EXERCISE DETAILS:
Print, exactly as they stand, the lines below from the one that has "Federer & Marin Cilic" to the one that has "Cadeira Auto I-Size 40-150cm Lolo Belt Cinza", inclusive, leaving out the pictures.
____ DATA SUPPLIED
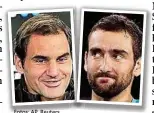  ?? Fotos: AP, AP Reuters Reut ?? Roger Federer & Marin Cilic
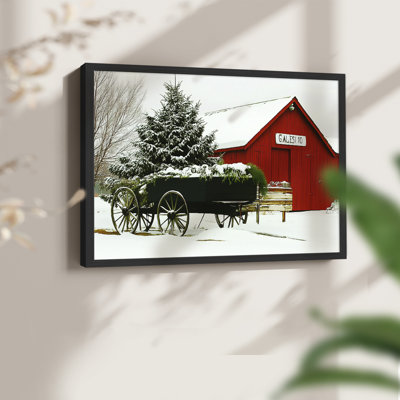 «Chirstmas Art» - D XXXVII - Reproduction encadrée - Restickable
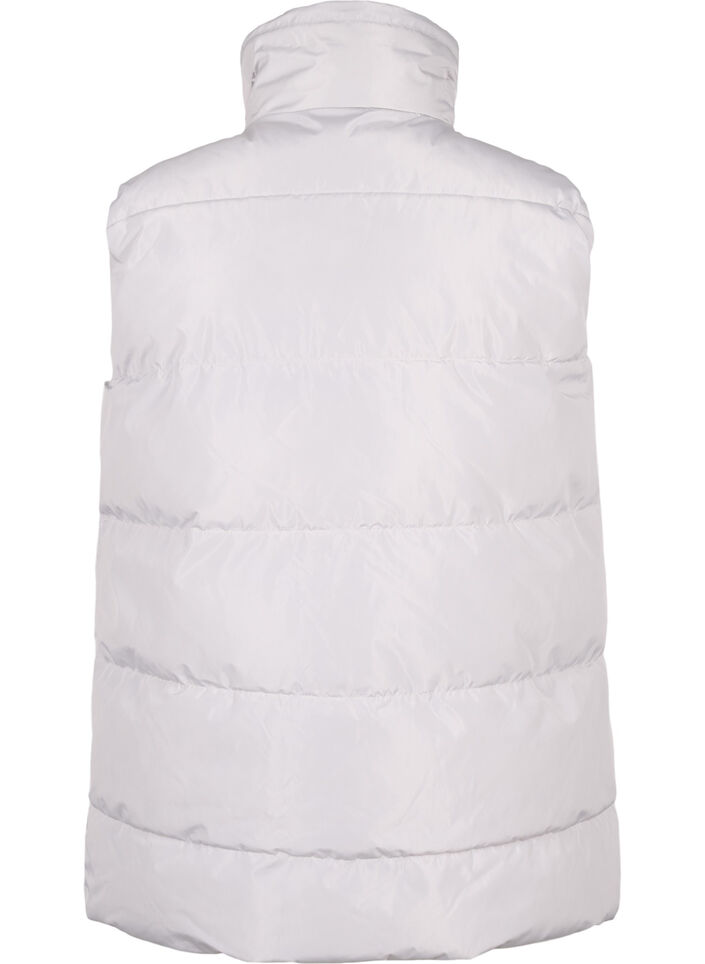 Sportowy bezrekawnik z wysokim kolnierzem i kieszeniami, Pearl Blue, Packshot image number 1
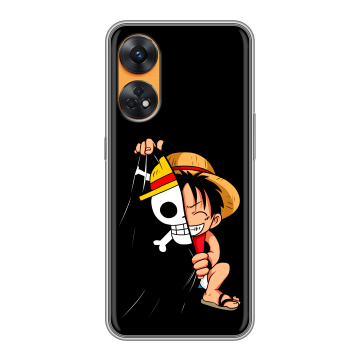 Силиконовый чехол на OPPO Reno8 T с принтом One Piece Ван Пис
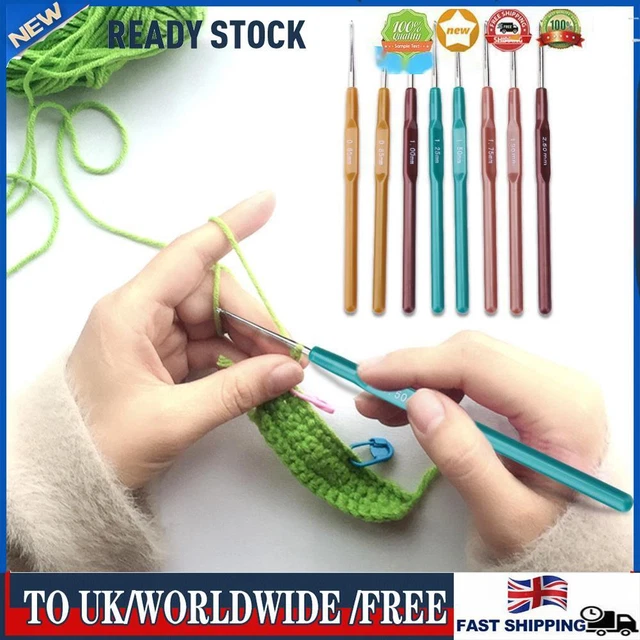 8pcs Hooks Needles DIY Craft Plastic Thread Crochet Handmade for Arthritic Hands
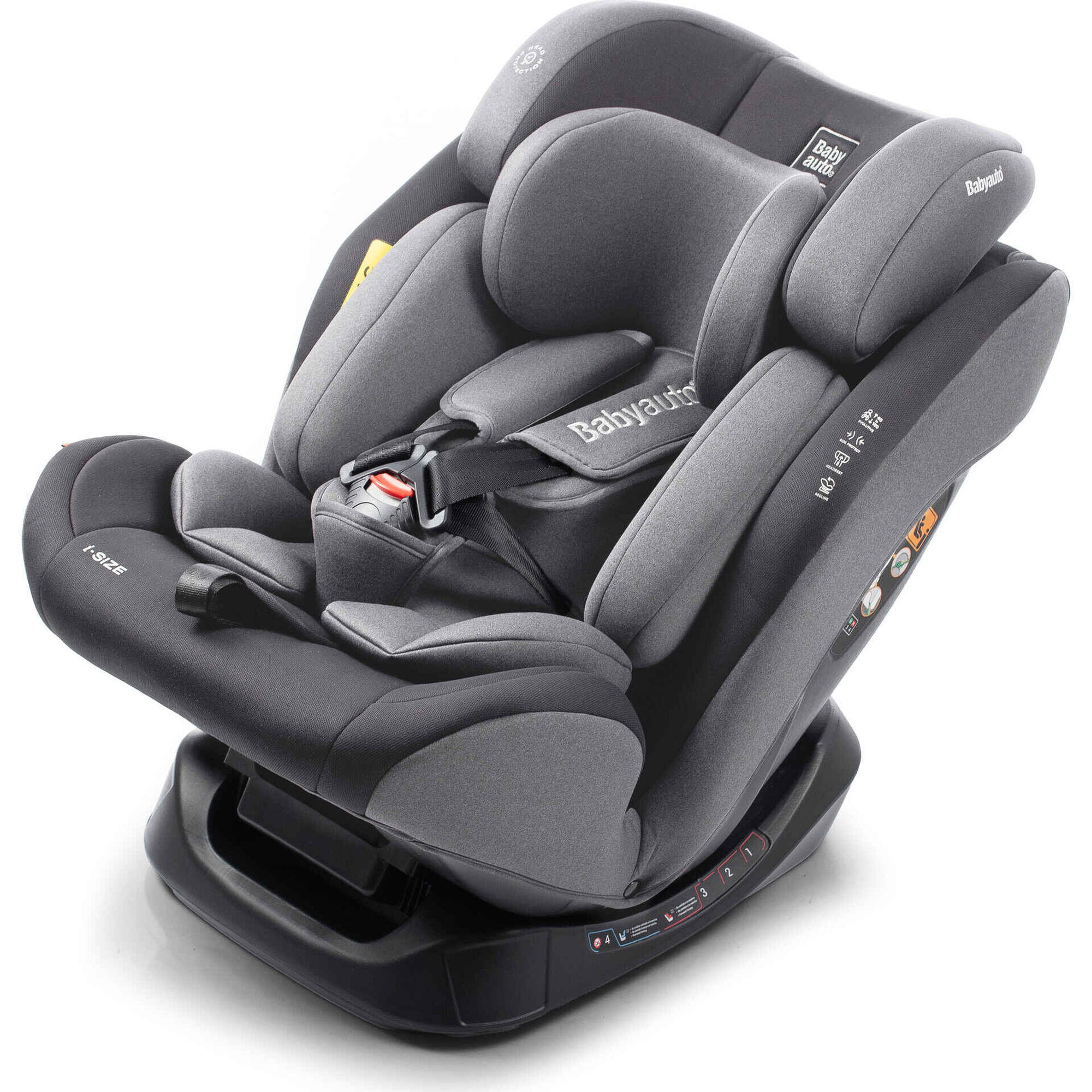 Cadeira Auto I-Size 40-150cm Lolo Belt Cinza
________
____ DATA SUPPLIED
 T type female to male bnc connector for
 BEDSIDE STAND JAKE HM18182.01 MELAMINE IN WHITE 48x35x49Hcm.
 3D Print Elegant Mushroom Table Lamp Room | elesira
________
WRITTEN RESPONSE:
  ?? Fotos: AP, AP Reuters Reut ?? Roger Federer & Marin Cilic
 «Chirstmas Art» - D XXXVII - Reproduction encadrée - Restickable
 Sportowy bezrekawnik z wysokim kolnierzem i kieszeniami, Pearl Blue, Packshot image number 1
 Силиконовый чехол на OPPO Reno8 T с принтом One Piece Ван Пис
 8pcs Hooks Needles DIY Craft Plastic Thread Crochet Handmade for Arthritic Hands
 Cadeira Auto I-Size 40-150cm Lolo Belt Cinza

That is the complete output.